Take, for instance, this, from a letter written to a friend by Alexis de Tocqueville in 1858: "It has always been because my mind was uncomfortable at home that it sallied abroad to obtain, at any sacrifice, the relief of hard intellectual work. This is the case now. I have no child to enjoy the little noise that my name may make. I do not believe that in such times as these the slightest influence can be obtained by such writings as mine, or even by any writings except by the bad novels, which try to make us still more immoral and illconditioned than we are. Yet I rise at five, and sit for six hours before my paper, and often leave it still white. Sometimes I find what I am looking for, but find it painfully and imperfectly; sometimes I am in despair at not finding it at all."

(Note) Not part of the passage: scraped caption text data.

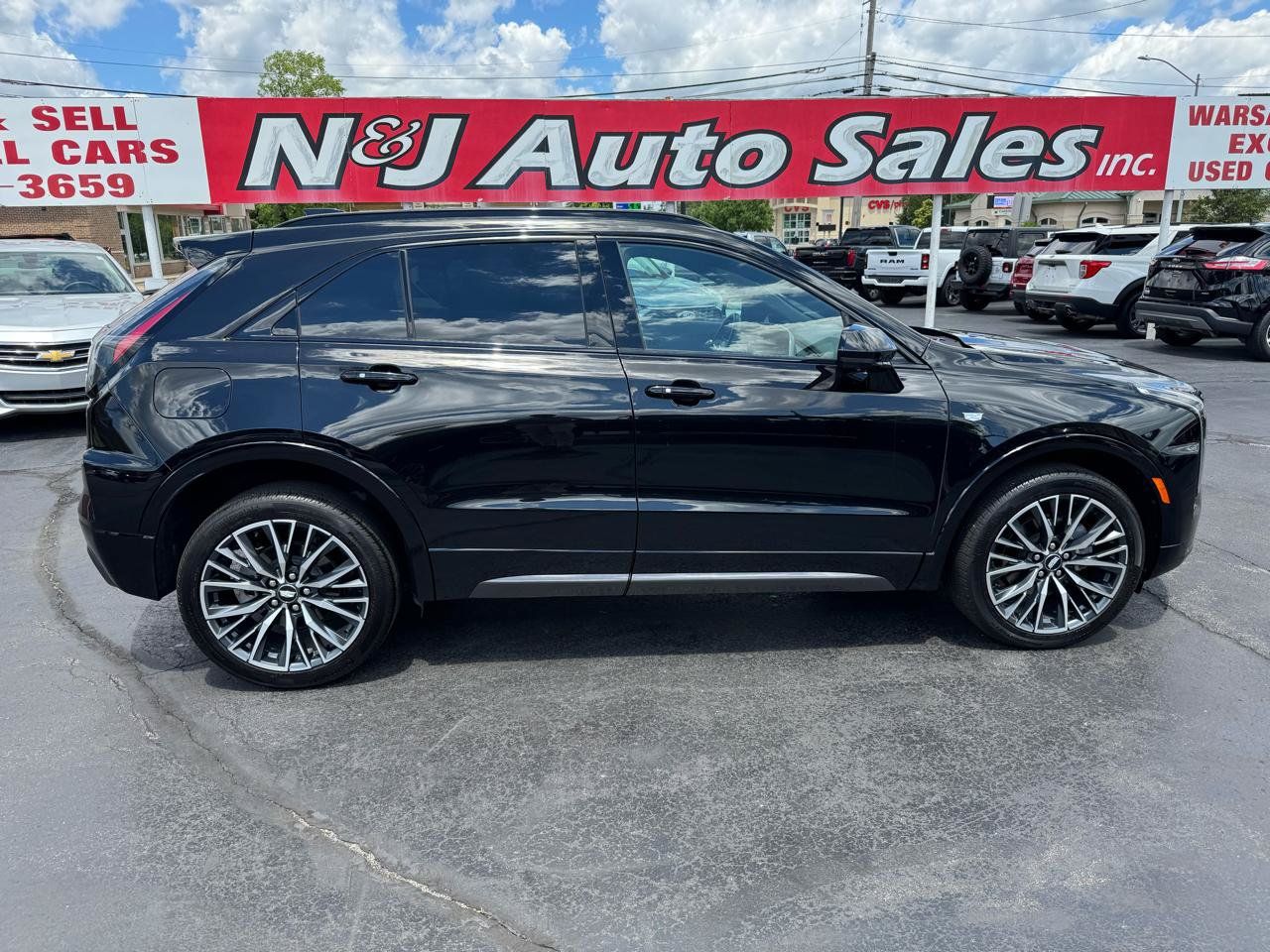 Used 2025 Cadillac XT4 Sport AWD/4WD image 4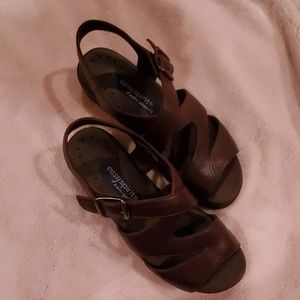EASY Spirit Anti-Gravity Sandals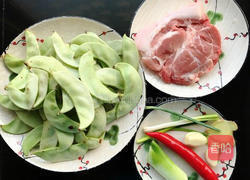 酱肉扁豆的做法图解1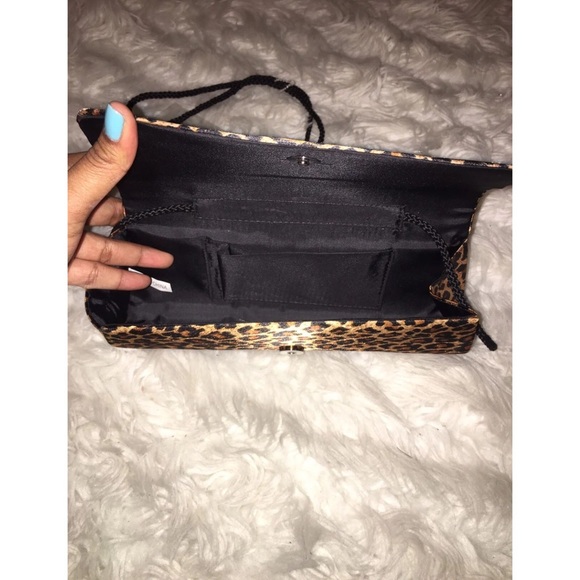 🐆Leopard Clutch 🐆 - Picture 2 of 2
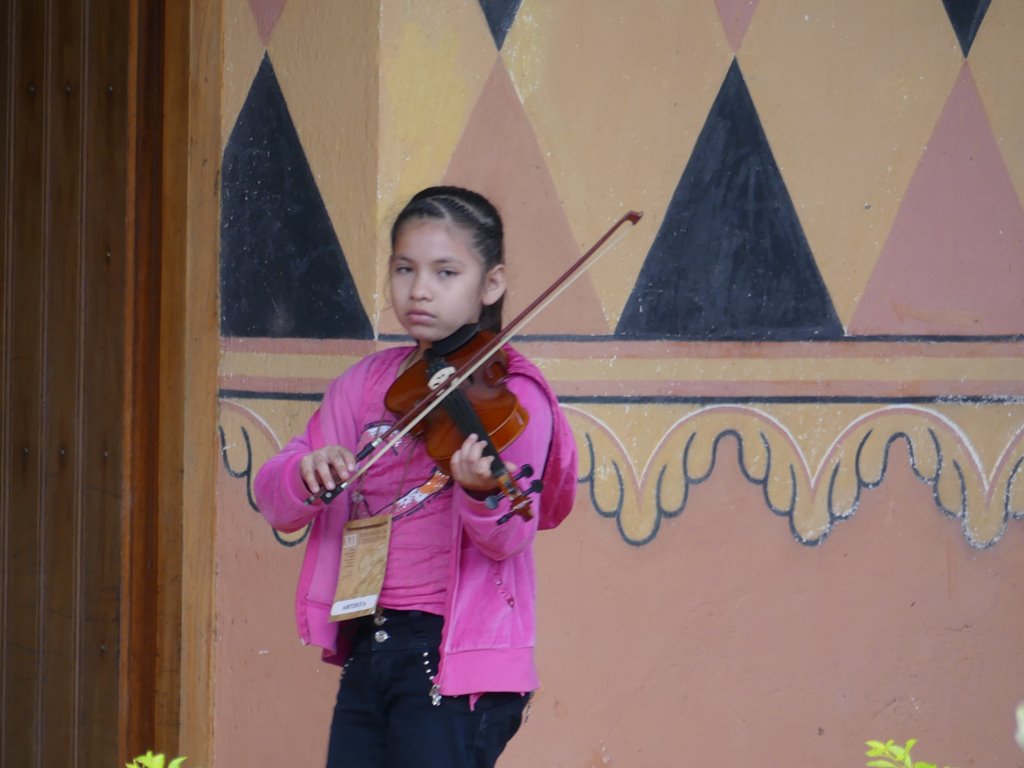 Dziewczynka gra na skrzypcach w szkole muzycznej w Boliwii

I choose that excerpt not only because I love it, but because it is characteristic. Thomas wields a generous knife, and so even this slightly trimmed sample has Tocqueville on writing, childlessness, the wretched state of publishing, and the absence of Prozac. Unfortunately, this letter appears not in the section on writing but under the heading "Compensations and Rewards," which brings me to my last gripe: a volume so clearly intended as a reference should be more precisely indexed.

As with any collection of maxims, there are contradictions on work and its rewards. From Noel Coward we hear that "work is much more fun than fun," while C. Wright Mills reports: "Each day men sell little pieces of themselves in order to try to buy them back each night and weekend with the coin of ‘fun’." Still, the book is cleverly constructed, starting with original sin and closing with an Oxford don who said of retirement: "It’s not too bad, but I rather miss the vacations."